I've already arranged an array that includes today's and last year's order volume:

allorders=[(23, 28), (15, 7), (15, 5), (8, 9), (4, 2), (5, 3), (4, 6), (8, 10), (28, 24), (45, 46), (55, 65), (0, 74), (0, 64), (0, 58), (0, 62), (0, 62), (0, 42), (0, 43), (0, 38), (0, 39), (0, 32), (0, 40), (0, 41), (0, 16)]

For stacked bars, you would normally use the following syntax:

import matplotlib.pyplot as plt
import numpy as np
n=2
ind = np.arange(n) 
width = 0.35       
plt.ylabel('Orders')
plt.xticks(ind+width/2., ('Today', 'Last Year on Calendar Equivalent'))
plt.yticks(np.arange(0,plottotal,10))

p1= plt.bar(ind, allorders[0],   width, color='#000099')
p2= plt.bar(ind, allorders[1],   width, color='#000099', bottom=allorders[0])

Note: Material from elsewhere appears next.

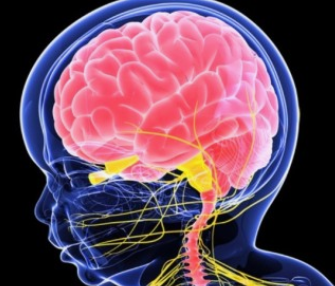 🧠 신경과 병동 간호: 뇌졸중 및 신경계 질환 환자 관리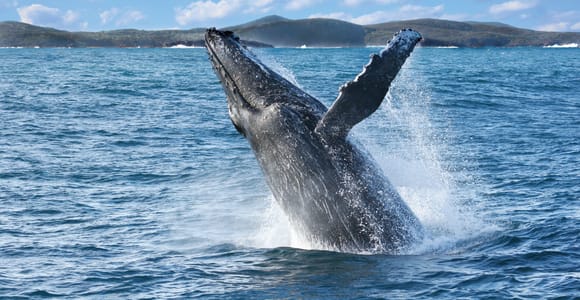 Port Stephens: 2.5-Hour Whale Watching & Outer Island Cruise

however, this can be daunting with large amount of stacked charts. Therefore, I'm trying to create a loop to go through the 'allorders' array and stack them via:

 for i in allorders:
     if i=0:
       p1=plt.bar(ind, allorders[i],   width, color='#000099')
       bottomcounter=allorders[i]

     else: 
       'p+i' = plt.bar(ind, allorders[i],   width, color='r', bottom=bottomcounter)
       bottomcounter=bottomcounter+allorders[i]

but, I get all sorts of errors, including that the clause if i=0 has invalid syntax, and that 'p+i'cannot be used to auto-name variables.

So, SO wizards:

  1. how do you name new variables automatically in a loop (so when i=0, the variable is named p0, when i=1, the variable is named p1, etc.)

  2. what's wrong with including the if i=0 clause?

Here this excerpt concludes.